■ DIRECTIONS:
Skip the pictures. Quote every line below, exactly, from the one with "Honda CB Hornet 160R ABS" through the final line.

■ DATASET RECORDS:
● ● ● ● ●

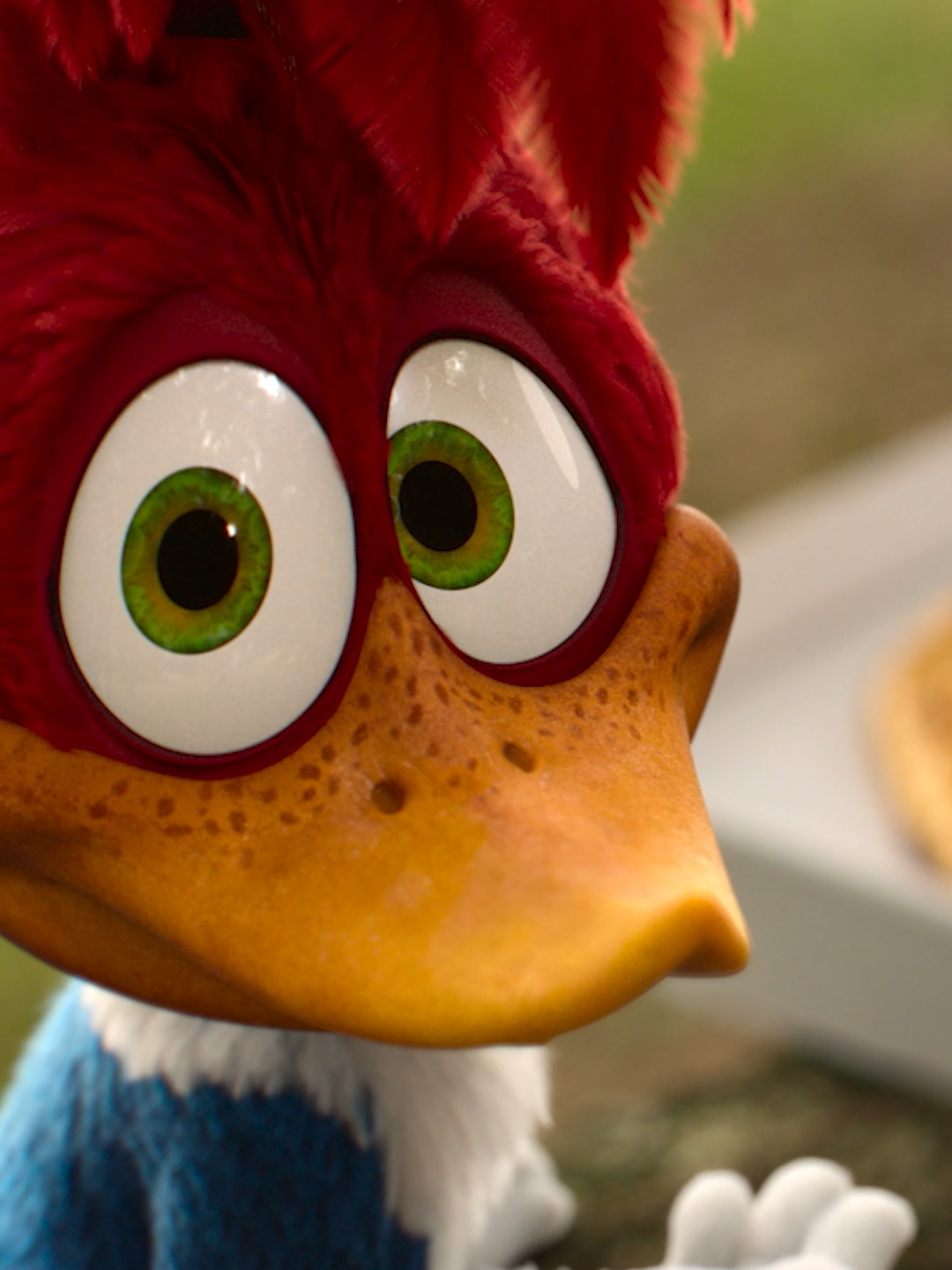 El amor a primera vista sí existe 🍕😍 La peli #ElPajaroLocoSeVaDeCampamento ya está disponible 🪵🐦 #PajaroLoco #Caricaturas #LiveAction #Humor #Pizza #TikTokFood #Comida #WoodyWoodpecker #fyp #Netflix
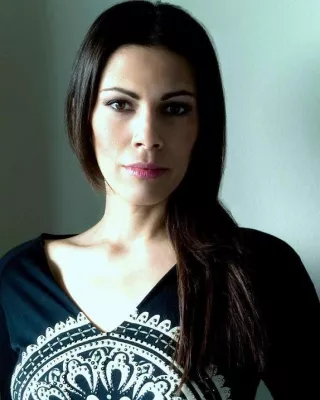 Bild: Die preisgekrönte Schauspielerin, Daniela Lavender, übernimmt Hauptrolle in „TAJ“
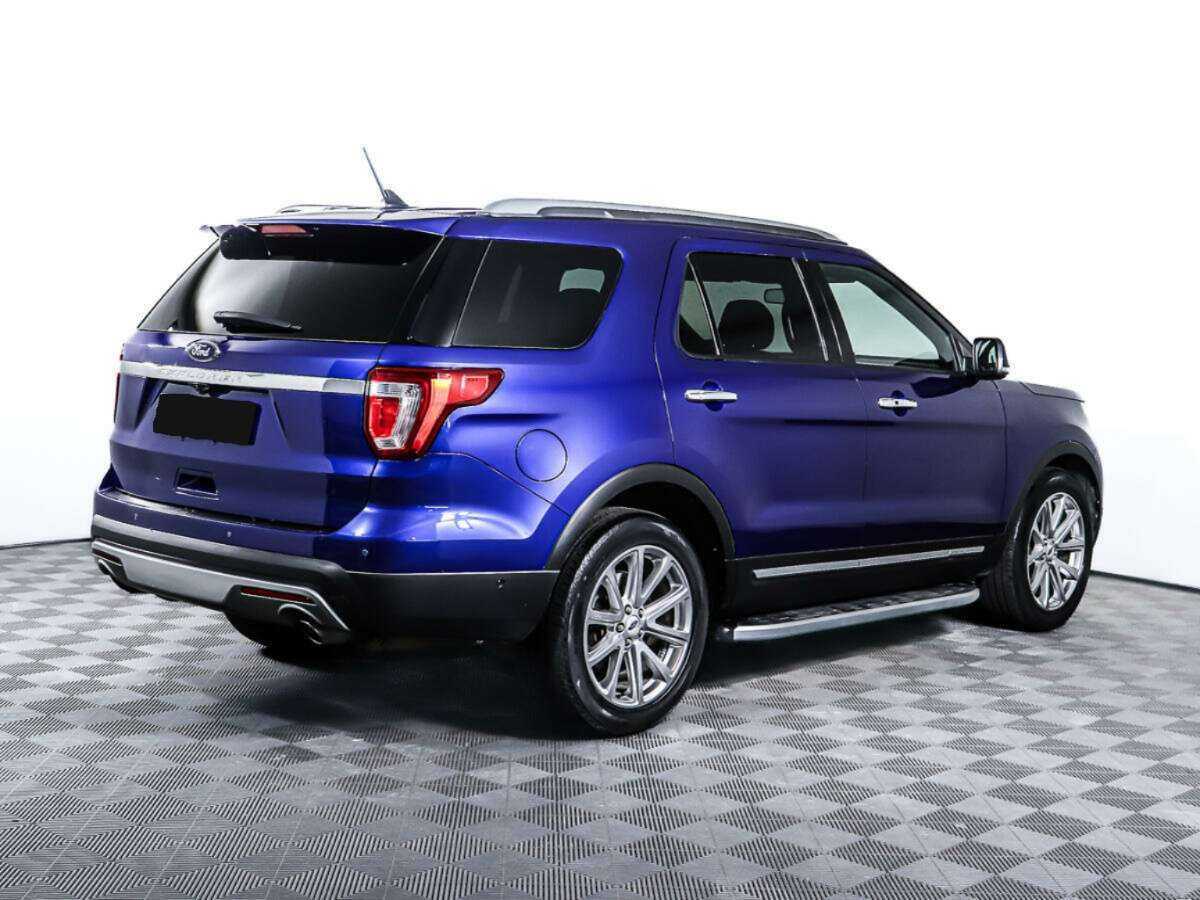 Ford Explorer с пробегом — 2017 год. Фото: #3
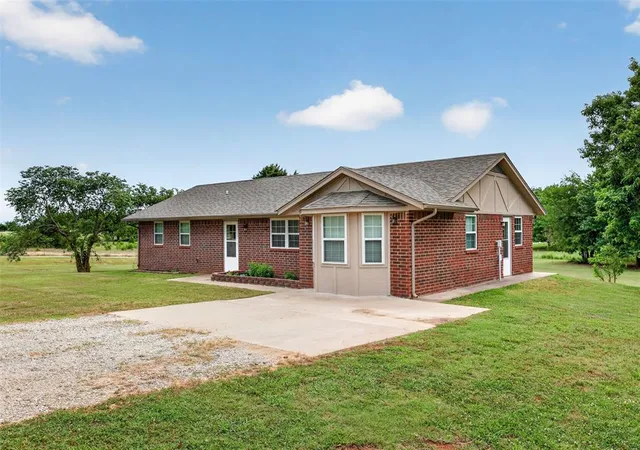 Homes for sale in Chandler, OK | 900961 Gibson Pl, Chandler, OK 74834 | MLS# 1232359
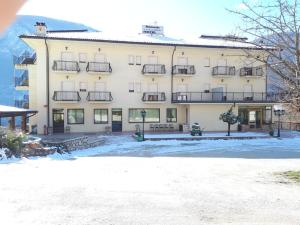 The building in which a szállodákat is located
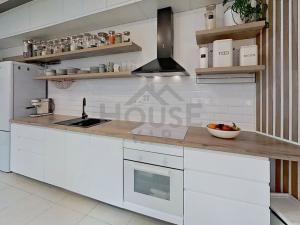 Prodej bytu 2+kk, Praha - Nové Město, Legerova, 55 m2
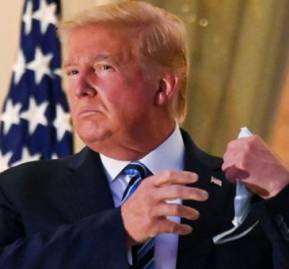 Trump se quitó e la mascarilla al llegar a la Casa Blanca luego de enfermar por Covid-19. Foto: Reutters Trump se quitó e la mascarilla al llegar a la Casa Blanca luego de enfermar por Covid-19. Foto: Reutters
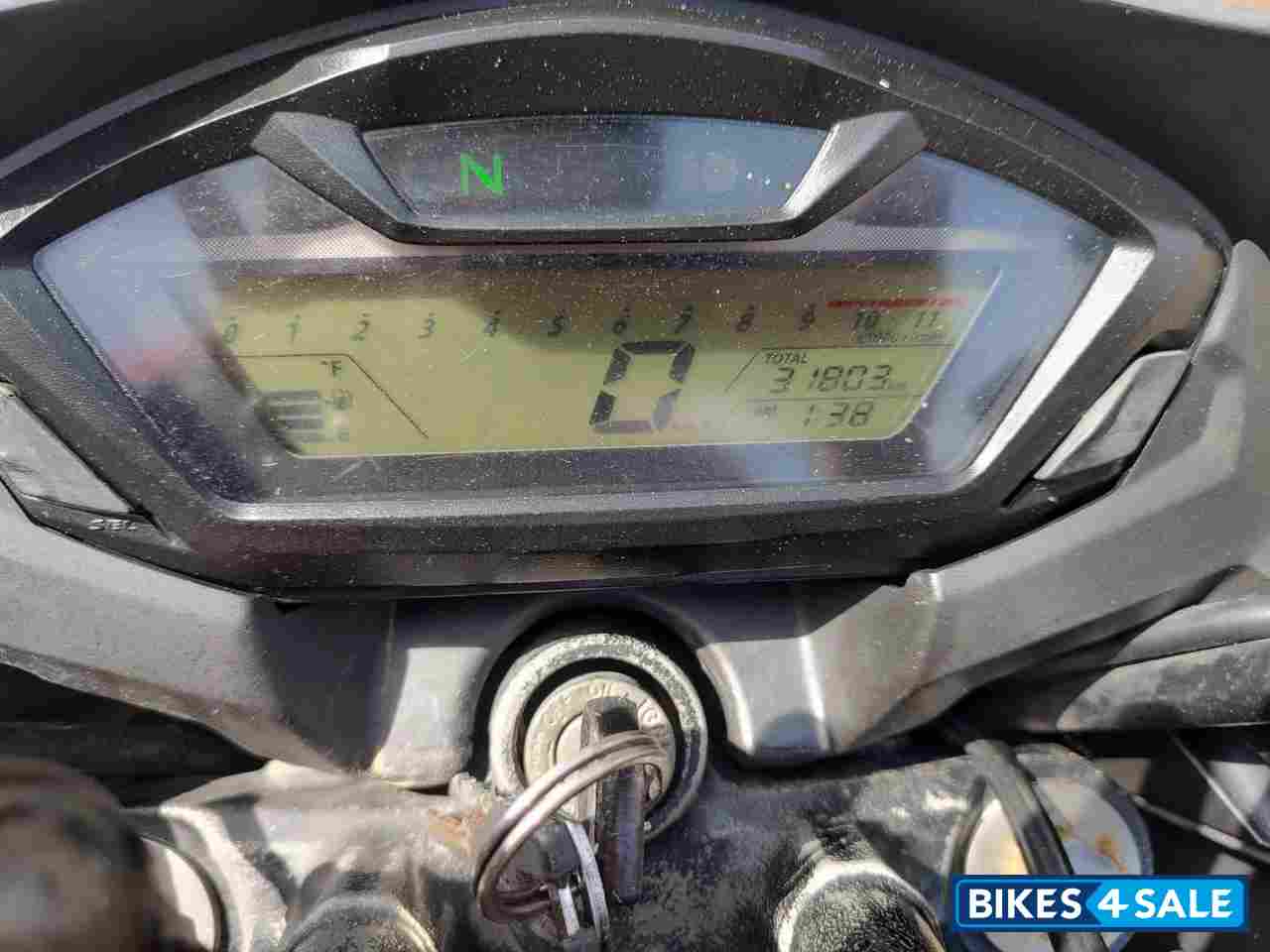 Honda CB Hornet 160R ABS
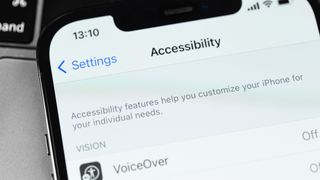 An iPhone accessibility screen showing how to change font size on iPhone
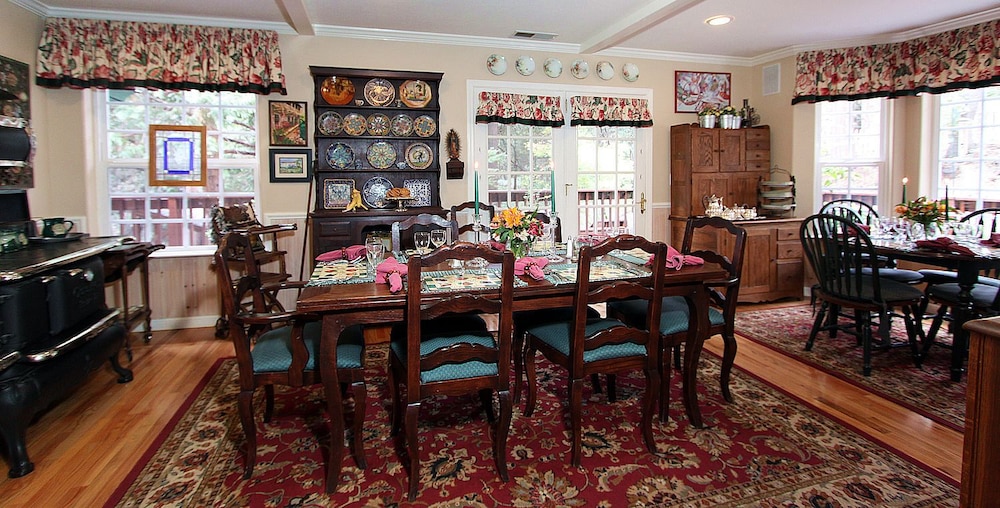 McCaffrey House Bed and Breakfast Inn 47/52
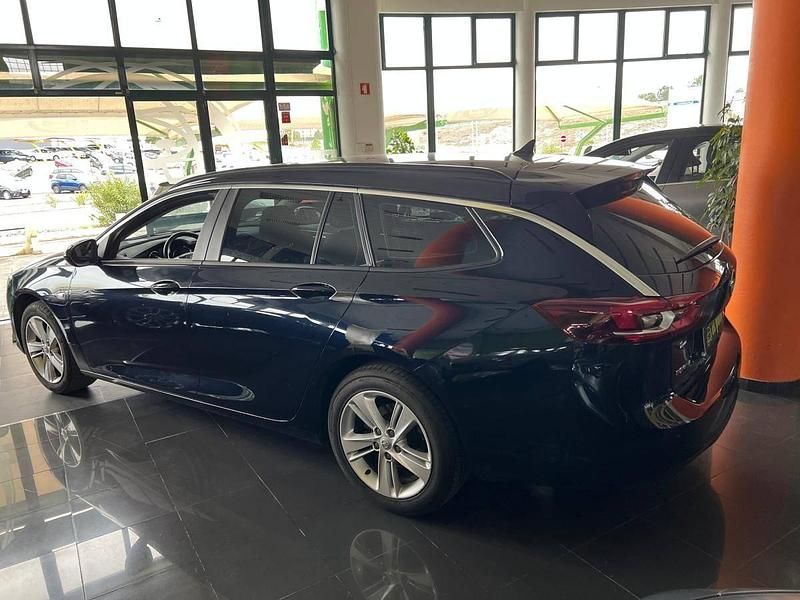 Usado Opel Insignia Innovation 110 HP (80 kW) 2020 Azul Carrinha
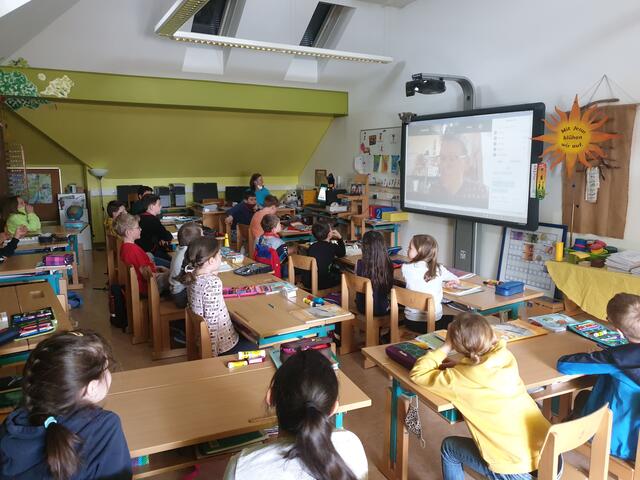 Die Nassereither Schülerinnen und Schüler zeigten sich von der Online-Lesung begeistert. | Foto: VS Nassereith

● ● ● ● ●

■ EXPECTED ANSWER:
 Honda CB Hornet 160R ABS
 An iPhone accessibility screen showing how to change font size on iPhone
 McCaffrey House Bed and Breakfast Inn 47/52
 Usado Opel Insignia Innovation 110 HP (80 kW) 2020 Azul Carrinha
 Die Nassereither Schülerinnen und Schüler zeigten sich von der Online-Lesung begeistert. | Foto: VS Nassereith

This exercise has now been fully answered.